Nearly peeing my pants at Whole Foods.

This should get some really good hits...

I went to Whole Foods today to grocery shop. They have two products that my family HAS to eat every week: McCann's Steel Cut Irish Oatmeal and goat milk yogurt.

Bing makes the Irish oatmeal in the crock pot on Saturday night and we wake up to it for Sunday breakfast. It is THAT good. We all have our variations. I like brown sugar and raisins, Liv likes cinnamon, and Bing, blueberries. We all like goat milk yogurt for treats. Yes, we are odd that way. I still recall a friend of Liv's telling her mother that she had goat milk yogurt for a treat and could they stop on the way home and get some? Her mother gave me a very odd look, as if I had given her daughter fried grasshopper legs or something...

Anyway, there I was at Whole Foods, stocking up on our strange foods. I had noticed as I got out of the car that my blue peasant skirt and blue tee shirt did not match, the blues were off. But, that wasn't all. I looked down at my feet and wondered whose foot was that? I had on TWO different shoes. Both were flats. One was a blue ballet slipper and the other was a blue chinese slipper. I have no idea how I managed to put two different shoes on and not NOTICE....but, hey it was before I had my coffee.

I decided to just go in and out as fast as I could. Whole Foods is kind of a hip place. Maybe people who saw me would think that I was just that cool. Kind of a hip Hey-I'm-wearing-two different-types-of-shoes-on-purpose! kind of woman.

I should mention too, that I had given myself a facial that morning. One that was bright blue when slathered on but as it dried, it faded to a pale blue. I had makeup on, I knew that much.

So, I walked in and immediately knew that I would need a bathroom shortly. I decided that since I was on one side of the store and the bathrooms were on the other side, well...I would just hold it and then run in the bathroom when I got on the other side.

I bought my items, stopped and checked out their candy selection, one of those old fashioned places where candy is stored in bins and you use a little scoop to take out what you need and then write it's matching number on the little twist tie thingy. I figured that we would probably be going to a movie this weekend and decided to get a scoop of malted milk balls.

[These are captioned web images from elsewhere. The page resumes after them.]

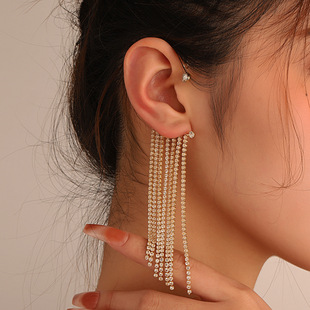Exaggerated Tassel Rhinestone Drop Earrings For Women Elegant Style_voghion.com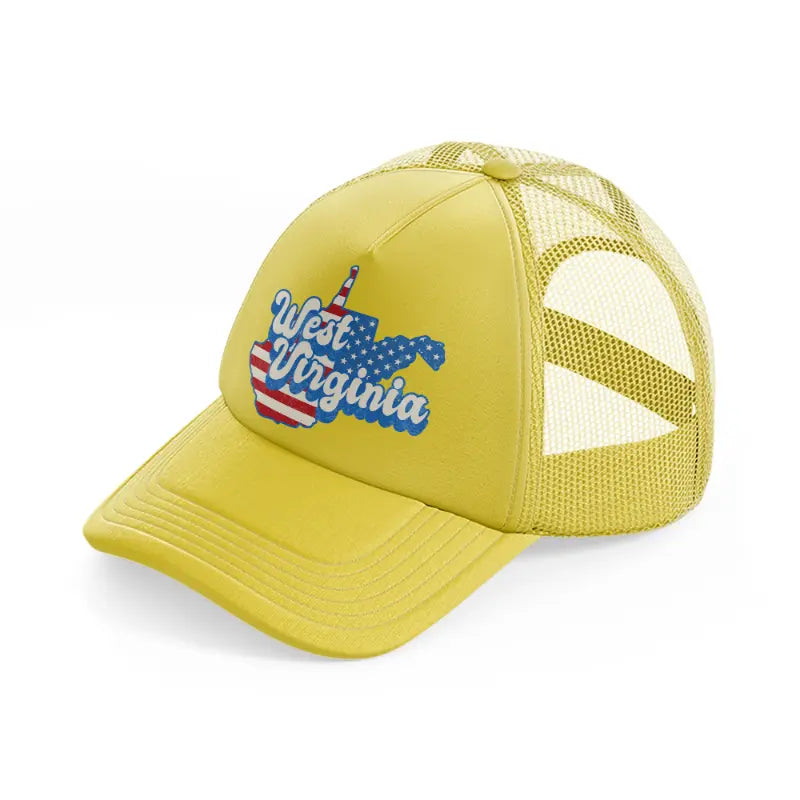 west virginia flag gold trucker hat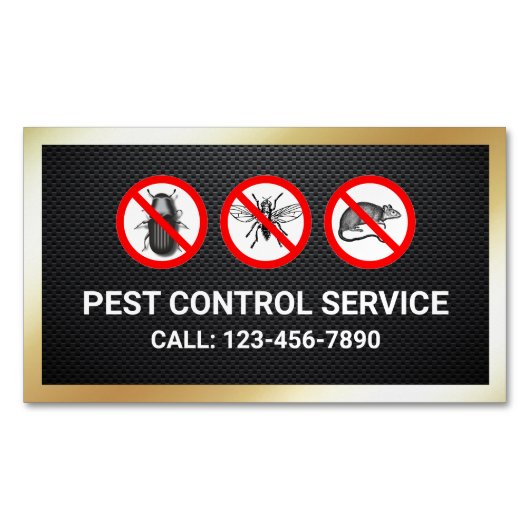 Black Gold Bugs Removal Pest Control Service Magnetisch Visitekaartje (Voorkant)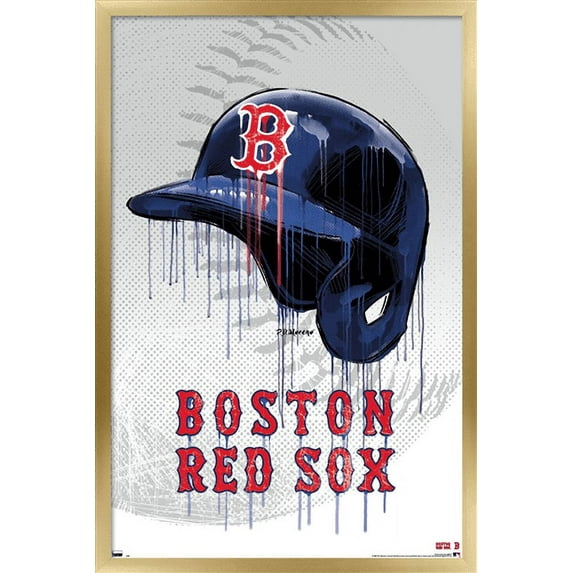 MLB Boston Red Sox - Drip Helmet 20 Wall Poster, 14.725" x 22.375", Framed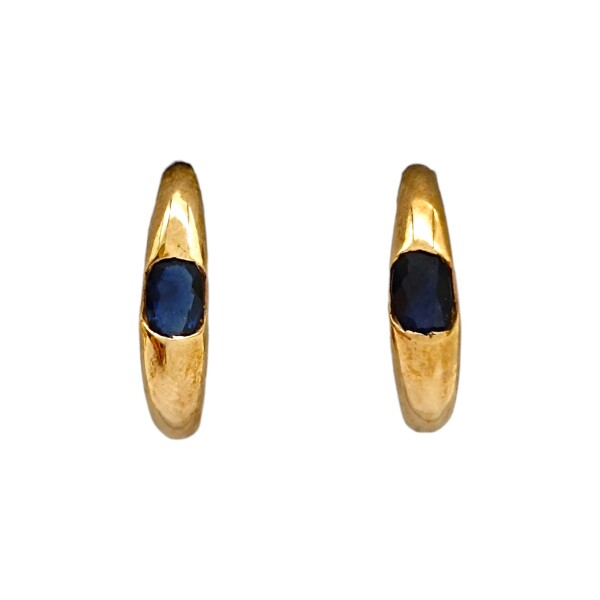 Caravanas Zafiro Aro Oval de oro- Oro bajo -Zafiro- CA8196 conpiedra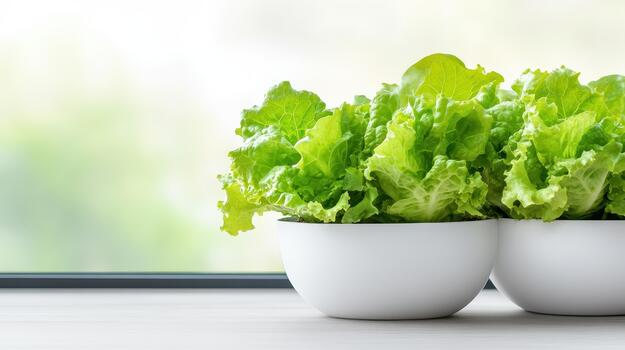 Fresh green lettuce growing in white bowls on a table, close up with soft green background. photo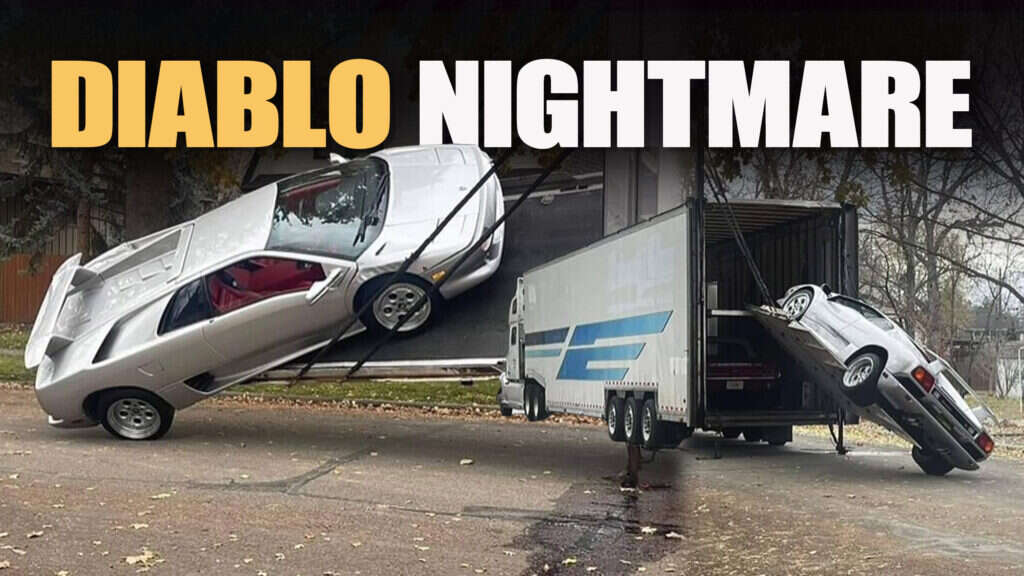 Oops! $300k Lamborghini Diablo Falls Off Truck During Unloading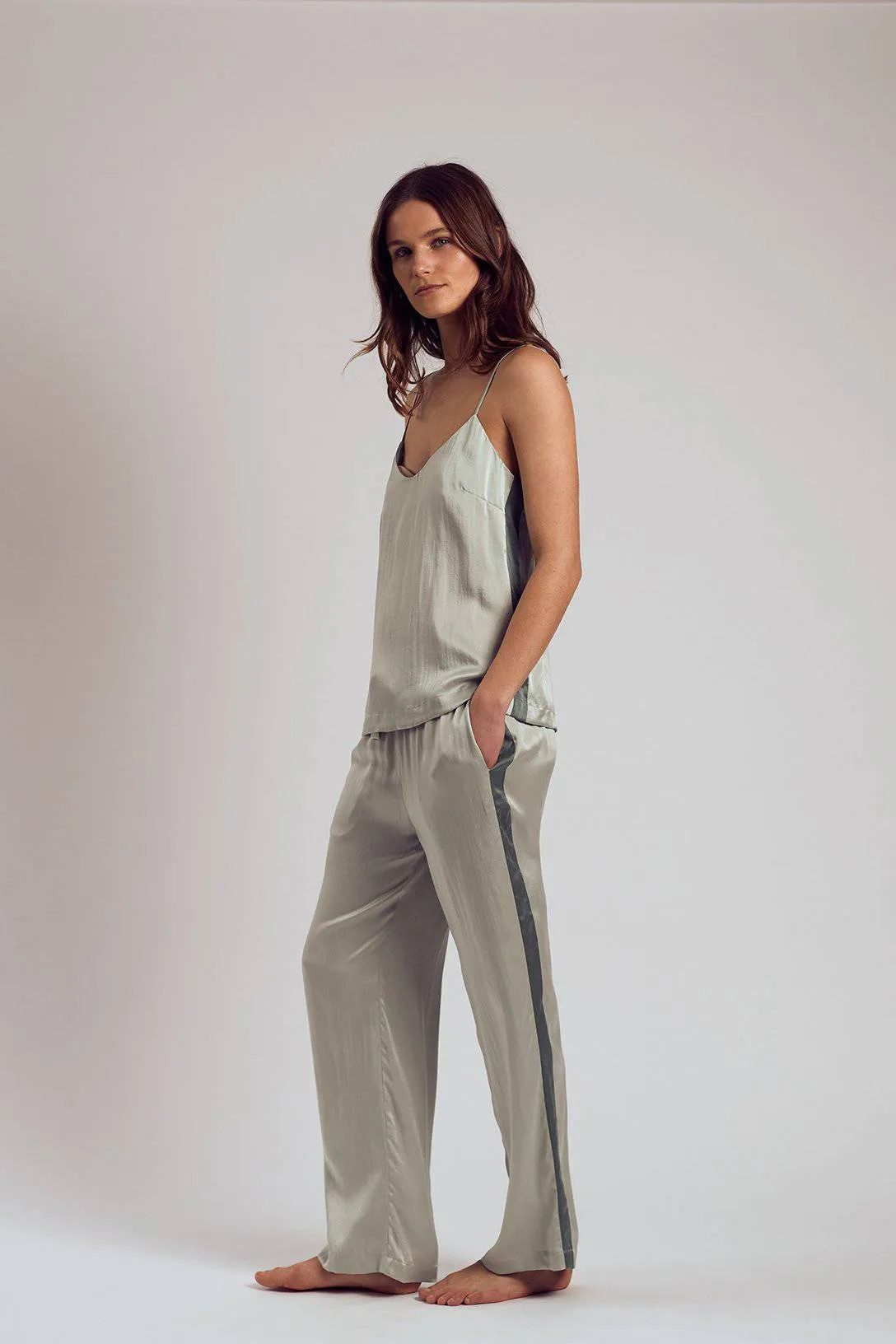 The Silk Robe Silk Flowy Set | Chartreuse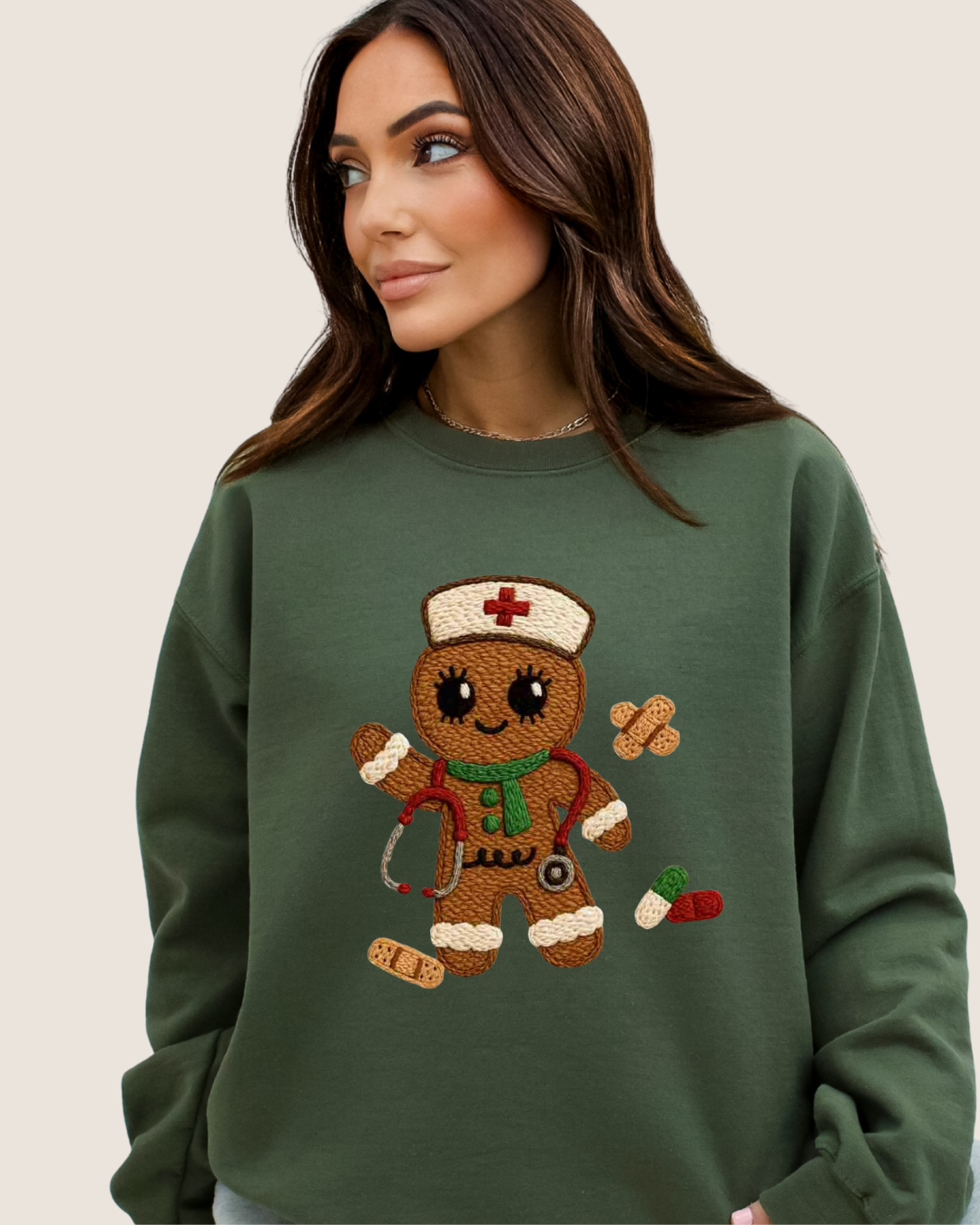 Crochet “Magic” Gingerbread Nurse Crewneck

Just as I was scooping up the balls, I felt a hand slap my ass. Kind of hard.

I leaped in the air, malted milk balls flying. I whipped around to see a man looking at me in horror.

"Oh, sweet baby Jesus, I'm SORRY," he said. "I thought you were my wife! You look just like her from that angle..." He trailed off and then this very plain, rather slatternly looking woman in a blue peasant skirt and blue tee shirt came up with her cart.

Oh, how nice. He thought I looked like HER? This woman had a bowling ball ass. And that scraggly hair! Maybe I should just put those malted milk balls back...

The man pointed his wife out to me with a SEE? SEE? gesture and they sailed away. He didn't apologize or offer to help me pick up the malted milk balls. I sighed and bent to pick them up.

Two hands came into my view and began helping me. I looked up and...shit.

It was Ella. A woman who I dated seriously for several months years ago. We had parted when she realized that I was probably never going to commit to anything other than a movie once in awhile. She had told me on our last date that she thought I was "emotionally stunted." She was dressed in a smart looking short and top outfit. It matched. She wore nice little strappy sandals. Her hair was pulled up in a tidy topknot on her head.

She looked very good. I became very aware that I looked like...well, like that rude man's wife.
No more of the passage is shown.